Можно ли такъ болѣе сжато и кратче выразить эту душевную сумятицу, этотъ звонъ въ ушахъ, этотъ голосъ совѣсти, кричащей на весь домъ: «Гламисъ зарѣзалъ сонъ.»
Можетъ быть, иной читатель, прочтя намъ разборъ книги г. Гервинуса, усумнится въ томъ: стоило ли ее переводить? О, безъ сомнѣнiя стоило. Запутанность основныхъ воззрѣнiй г. Гервинуса нисколько не помѣшала ему прекрасно выяснить нѣкоторыя частности, объ одной изъ которыхъ мы уже упоминали. Читатель, кромѣ того, найдетъ много прекрасныхъ подробностей (мы говоримъ теперь только о вышедшемъ порусски томѣ) о состоянiи сцены шекспировское время, весьма тонкiя замѣчанiя о томъ, какъ слѣдуетъ играть комедiю, о томъ, какъ молодой веронскiй дворянинъ Петрукiо укротилъ «злючку» Катерину (Taming of the shrew) и т. д.
Переводъ г.
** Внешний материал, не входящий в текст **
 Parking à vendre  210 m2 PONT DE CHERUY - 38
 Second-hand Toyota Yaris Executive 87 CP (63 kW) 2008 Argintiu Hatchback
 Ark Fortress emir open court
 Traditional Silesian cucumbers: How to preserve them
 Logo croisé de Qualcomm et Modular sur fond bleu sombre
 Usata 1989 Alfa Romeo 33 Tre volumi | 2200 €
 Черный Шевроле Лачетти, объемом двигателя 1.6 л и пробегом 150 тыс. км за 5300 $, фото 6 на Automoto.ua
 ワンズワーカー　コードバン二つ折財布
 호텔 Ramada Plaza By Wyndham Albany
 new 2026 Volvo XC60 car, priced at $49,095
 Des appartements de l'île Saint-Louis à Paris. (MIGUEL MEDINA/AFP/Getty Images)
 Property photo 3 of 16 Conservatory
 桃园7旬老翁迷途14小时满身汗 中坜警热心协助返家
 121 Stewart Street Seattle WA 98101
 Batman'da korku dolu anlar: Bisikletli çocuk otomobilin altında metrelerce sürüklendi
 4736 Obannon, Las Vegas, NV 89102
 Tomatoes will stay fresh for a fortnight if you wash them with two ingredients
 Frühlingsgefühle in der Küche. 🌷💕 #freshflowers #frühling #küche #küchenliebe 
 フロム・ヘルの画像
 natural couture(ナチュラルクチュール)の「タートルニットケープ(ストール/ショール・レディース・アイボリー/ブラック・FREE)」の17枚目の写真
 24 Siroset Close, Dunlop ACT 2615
Тимофеева вообще очень удовлетворителенъ; жалъ только, что онъ не посовѣтовался съ кѣмъ нибудь изъ знающихъ англiйскiй языкъ. Тогда бы у него Робинъ Добрый-Малый такъ и назывался, а не Робиномъ Гудфеллоу, и ткачь Основа (Botom) не носилъ бы нѣмецкаго прозвища Цеттеля. Но еще не простительнѣе, не зная подлинника, переводить цѣлую сцену изъ «Сна въ лѣтнюю ночь», тѣмъ болѣе, что эту сцену можно было бы взять изъ оригинальнаго по прiему, но вѣрнаго по духу (и даже буквально вѣрнаго) перевода г. Ап. Григорьева. Или г. Тимофеевъ испугался подобно одному критику, что переводъ г. Григорьева сдѣланъ слишкомъ порусски, но вѣдь чисто порусски и хорошими стихами (а стиховъ г. Тимофеева нельзя читать вслухъ) и надо переводить Шекспира. «Любовь въ бездѣйствiи» порусски ничего не значитъ. «Love-inidleness» можно и должно перевести въ нѣкоторыхъ мѣстахъ «приворотной травой», а въ другихъ назвать этотъ цвѣтокъ «любовью отъ бездѣлья» или «отъ нечего дѣлать». Предлогъ «in» очевидно смутилъ г. Тимофеева. Цѣна чудовищная: выпускъ въ 5 листовъ 50 коп. Положимъ, что изданiе довольно опрятно, но вѣдь это переводъ, а не оригинальное сочиненiе.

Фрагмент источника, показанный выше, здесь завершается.